[Task to complete] Reproduce word for word the lines between those holding "America Eagle Dark" and "Used Volkswagen Sagitar", inclusive, and nothing else from the data below.

[Supplied entries]
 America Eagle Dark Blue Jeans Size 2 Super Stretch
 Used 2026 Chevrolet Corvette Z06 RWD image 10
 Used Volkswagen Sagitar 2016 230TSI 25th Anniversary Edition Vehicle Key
* * *
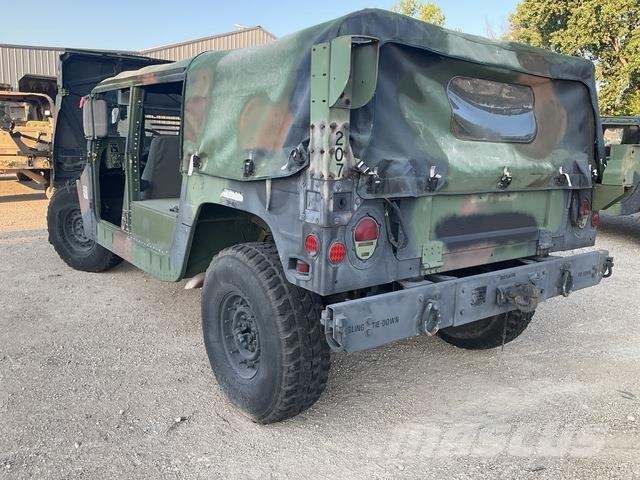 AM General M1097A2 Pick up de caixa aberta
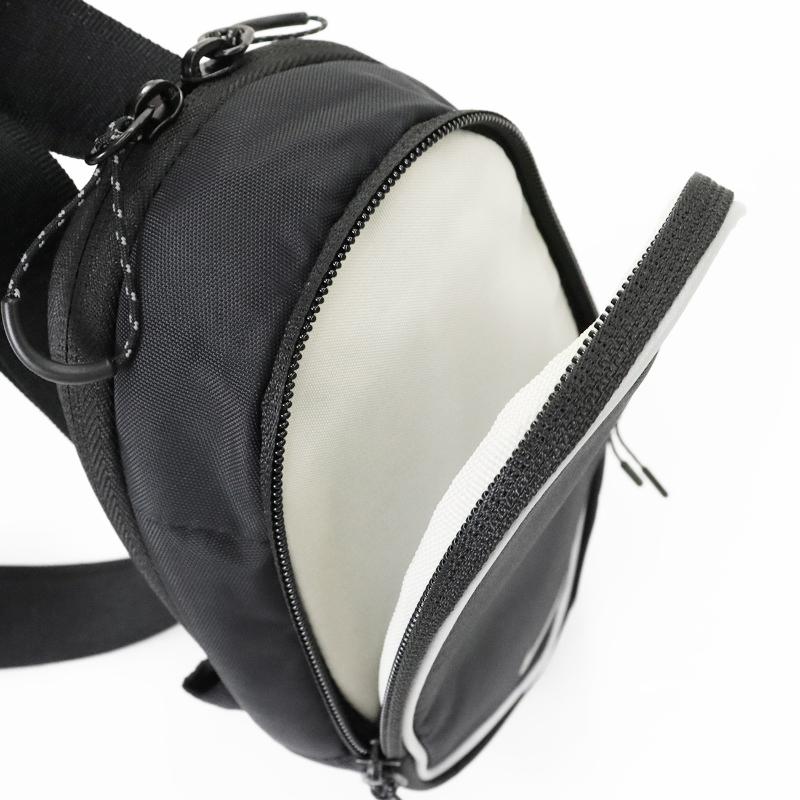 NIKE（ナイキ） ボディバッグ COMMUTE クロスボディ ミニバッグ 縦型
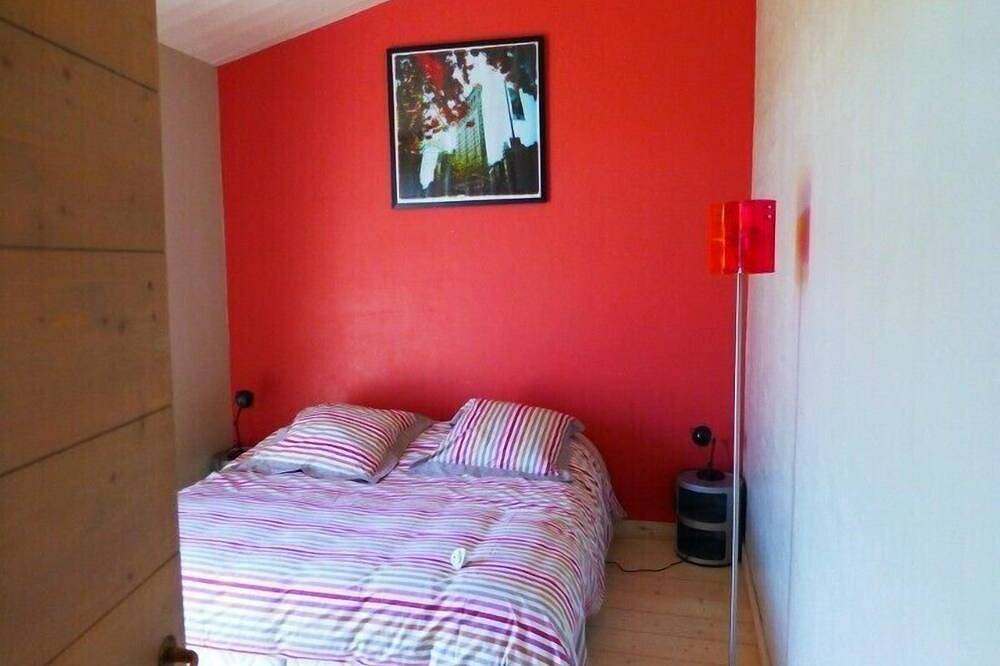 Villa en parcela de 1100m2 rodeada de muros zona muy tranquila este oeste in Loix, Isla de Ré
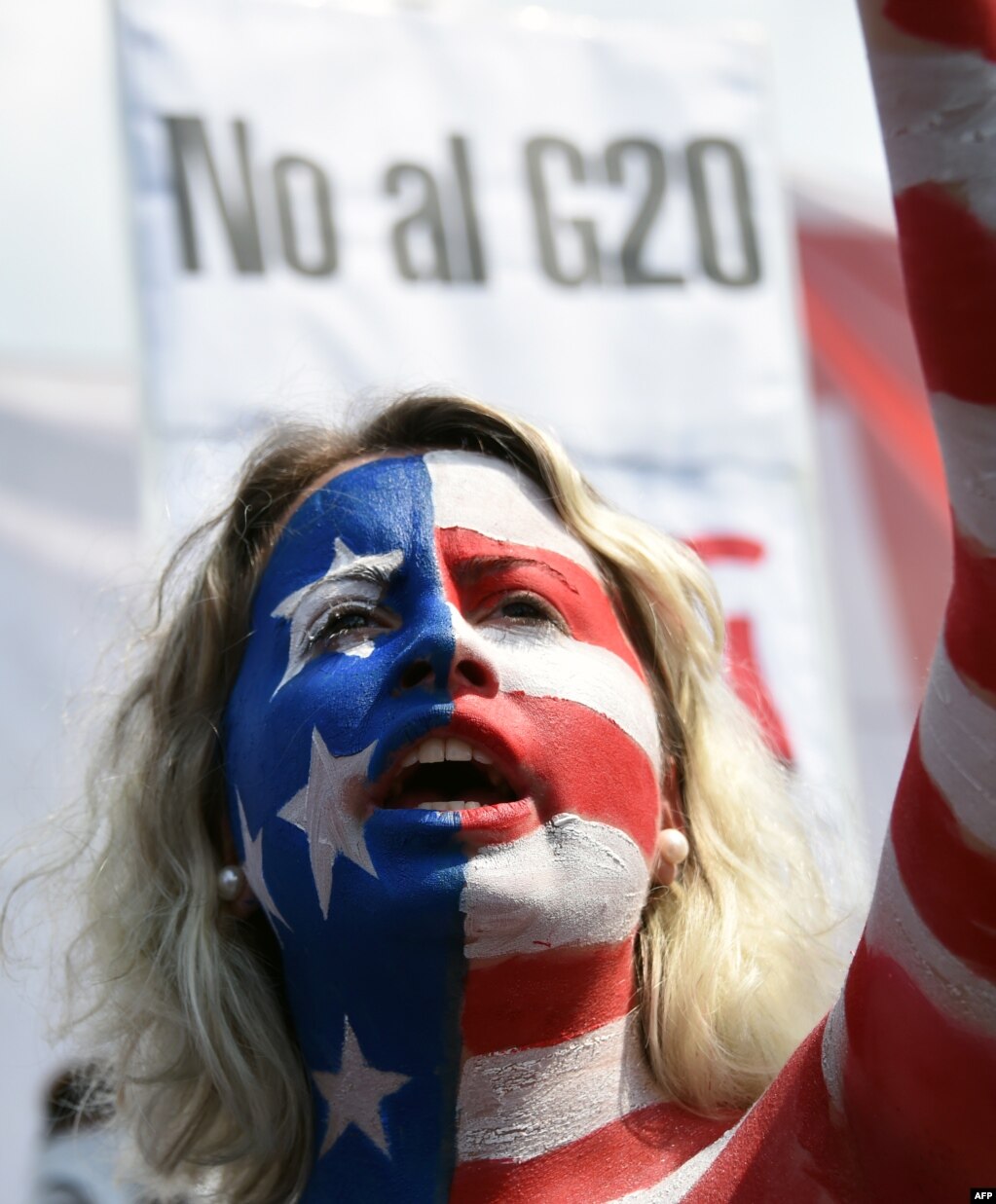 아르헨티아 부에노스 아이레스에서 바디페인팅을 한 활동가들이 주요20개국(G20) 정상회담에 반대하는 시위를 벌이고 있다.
--
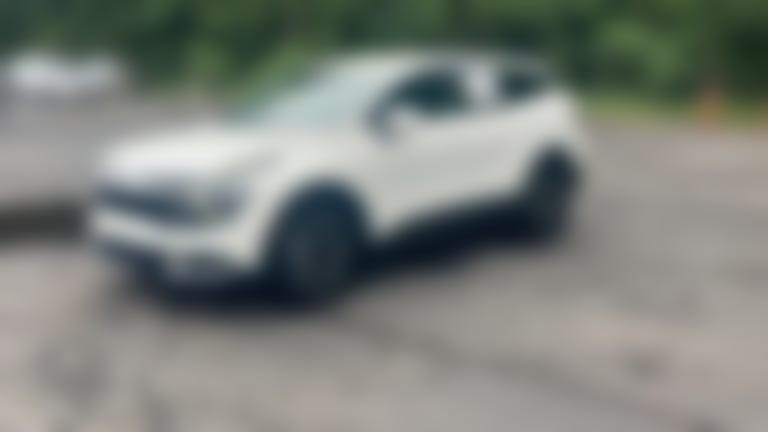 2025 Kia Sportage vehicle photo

[Answer section]
 America Eagle Dark Blue Jeans Size 2 Super Stretch
 Used 2026 Chevrolet Corvette Z06 RWD image 10
 Used Volkswagen Sagitar 2016 230TSI 25th Anniversary Edition Vehicle Key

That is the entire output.